# DATASET SECTION
*** Begin section ***

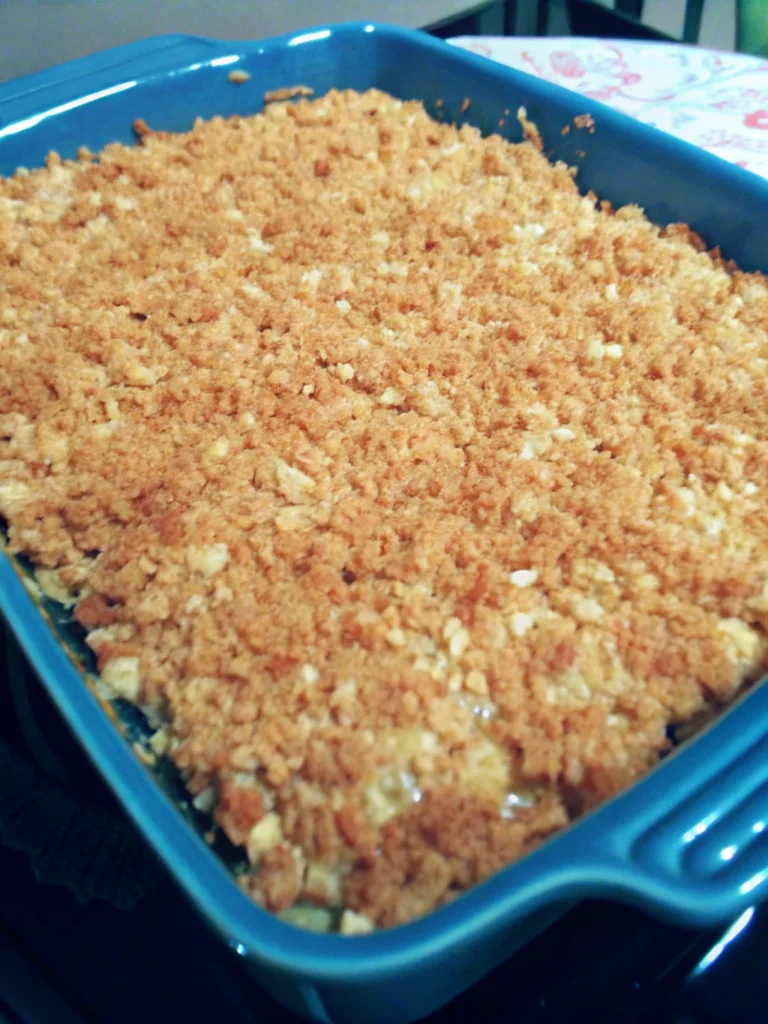 Homemade squash casserole with golden crushed Ritz crackers on top, showing creamy yellow squash filling underneath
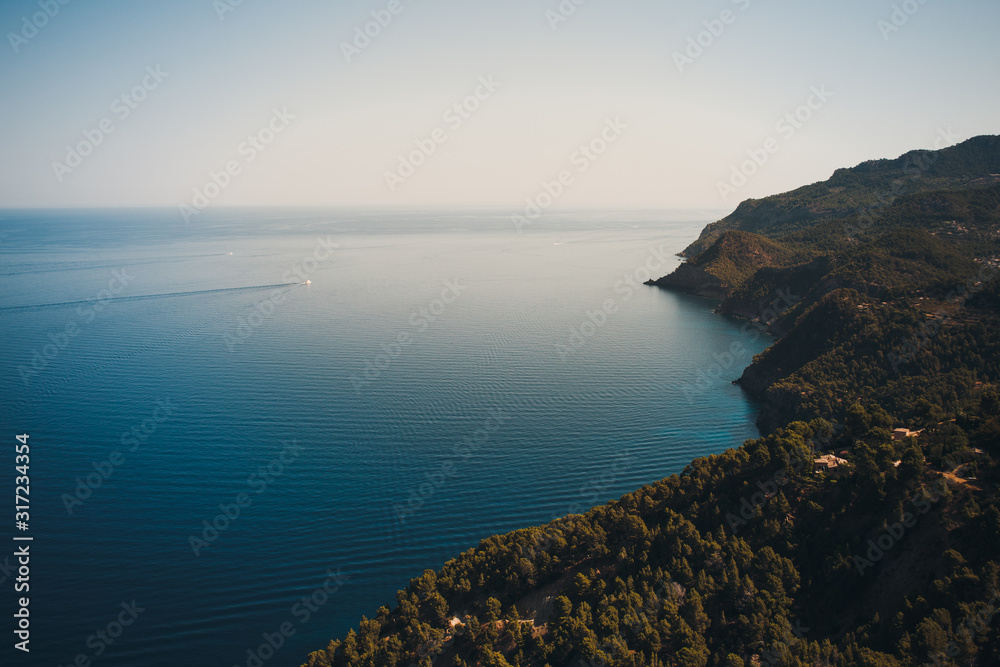 Hilly coast of Majorca. in the background a small boat on the sea. summer scenery.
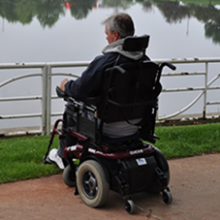 GL Woods sitting in a wheelchair in front of a lake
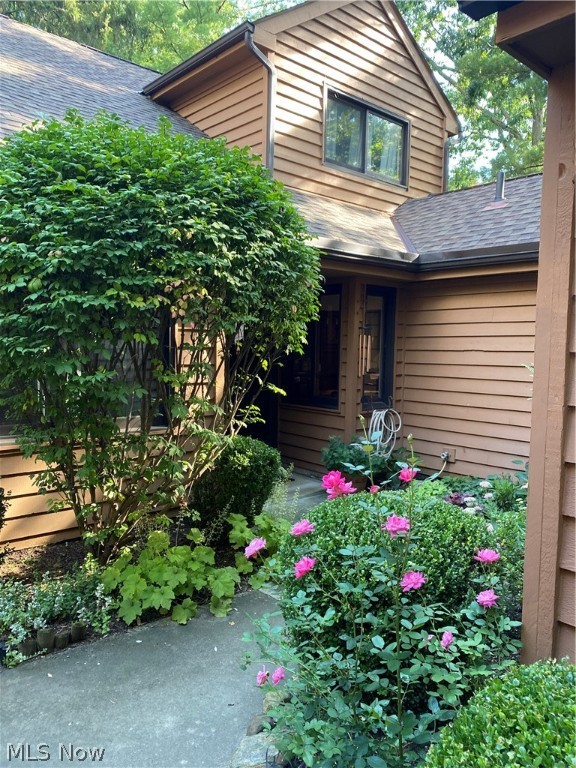 Step into the beautifully updated Cap Cod style condo located in down a private road in Greenwood Village, set on a corner lot overlooking a wooded scene with a creek below accenting the landscape! As you step into the private entrance off a courtyard, to the left is an office, den, or potential bedroom with closet space. The eat in kitchen offers stainless steel appliances, quarry stone floors, stamped counter tops and beautiful dark wood cabinetry. Quick access to the two-car garage, laundry room and half bathroom are located just off the kitchen. The highlight of this home is the combined living room and dining room featuring wooden beam accents, etched cut glass windows and a warm gas fireplace. The back porch offers views of the wooded landscape and is just minutes from the Cuyahoga Valley National Park. The main bedroom on the first floor has a private bathroom and large closet. Upstairs has two bedrooms and a full bathroom with ample storage throughout. Attic access is through t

*** End section ***

# DIRECTIONS FOR THIS TASK
The reply should consist only of the lines from the top of the material above through the line with "GL Woods sitting", printed exactly, pictures omitted.

# ANSWER FOR THE TASK
 Homemade squash casserole with golden crushed Ritz crackers on top, showing creamy yellow squash filling underneath
 Hilly coast of Majorca. in the background a small boat on the sea. summer scenery.
 GL Woods sitting in a wheelchair in front of a lake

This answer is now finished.